What you need to do: All of the entries below need repeating exactly, apart from their images.

BEGIN

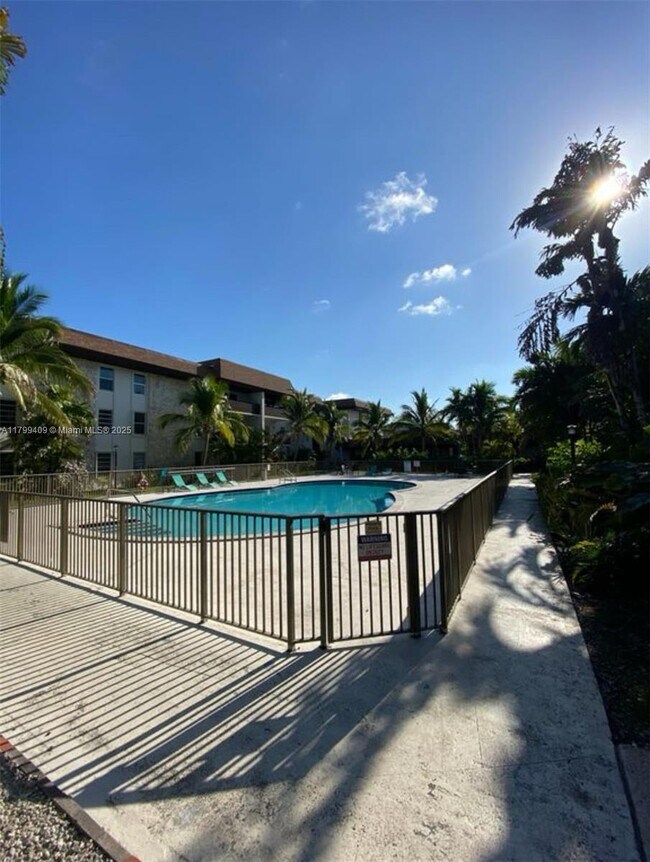 7487 SW 82nd St in Miami, FL - Building Photo - Building Photo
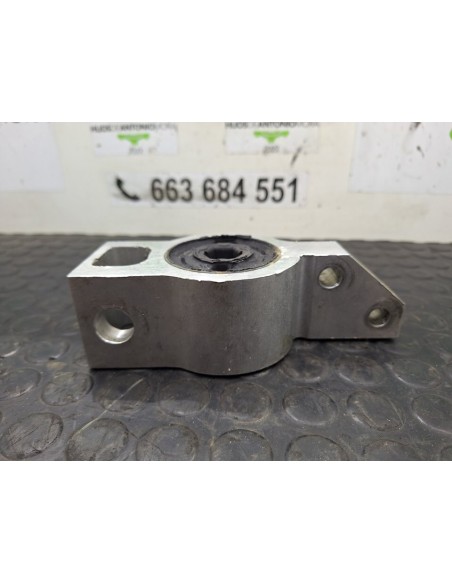 [100311] SOPORTE BRAZO SUSPENSION DELANTERO DERECHO - VOLKSWAGEN GOLF VI (5K1)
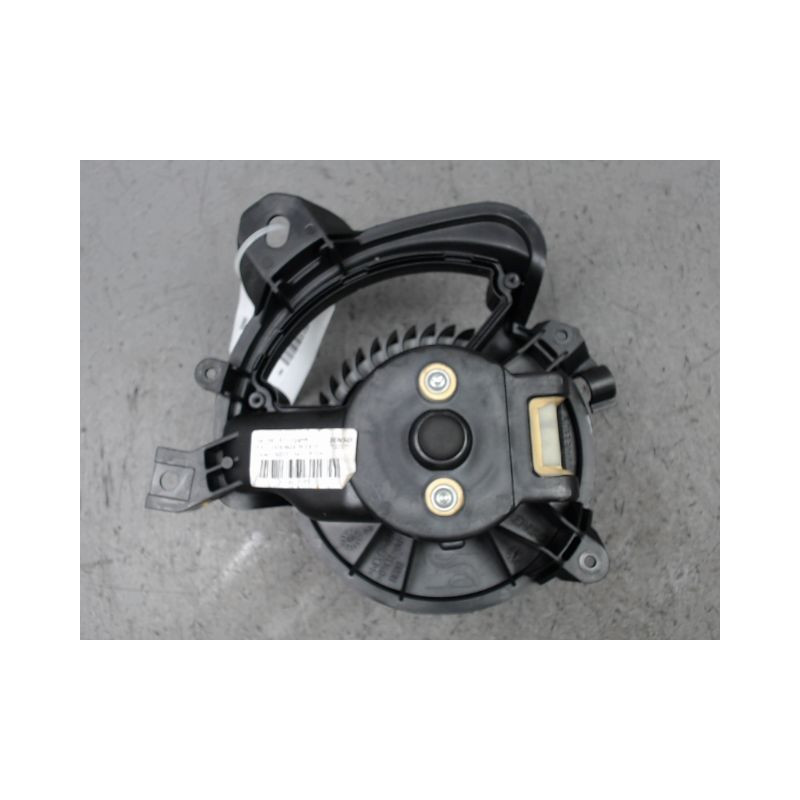 MOTEUR VENTILATEUR CHAUFFAGE OPEL CORSA 06-09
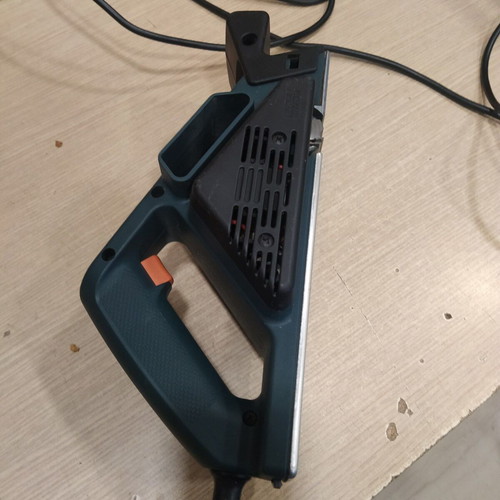 Black & Decker KW 713 electric planer used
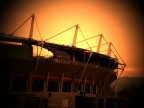 Stadio Olimpico di Torino dalla fermata del bus (via Filadelfia).
Scattata, croppata e postprodotto al volo... tutto dal cell...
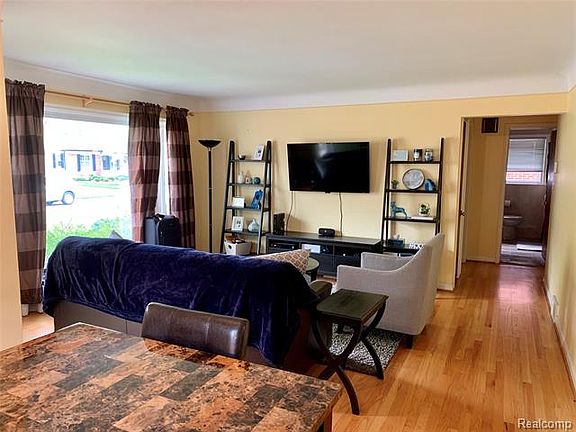 3rd image of 3639 Betsy Ross Dr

END

Problem solution:
 7487 SW 82nd St in Miami, FL - Building Photo - Building Photo
 [100311] SOPORTE BRAZO SUSPENSION DELANTERO DERECHO - VOLKSWAGEN GOLF VI (5K1)
 MOTEUR VENTILATEUR CHAUFFAGE OPEL CORSA 06-09
 Black & Decker KW 713 electric planer used
 Stadio Olimpico di Torino dalla fermata del bus (via Filadelfia).
Scattata, croppata e postprodotto al volo... tutto dal cell...
 3rd image of 3639 Betsy Ross Dr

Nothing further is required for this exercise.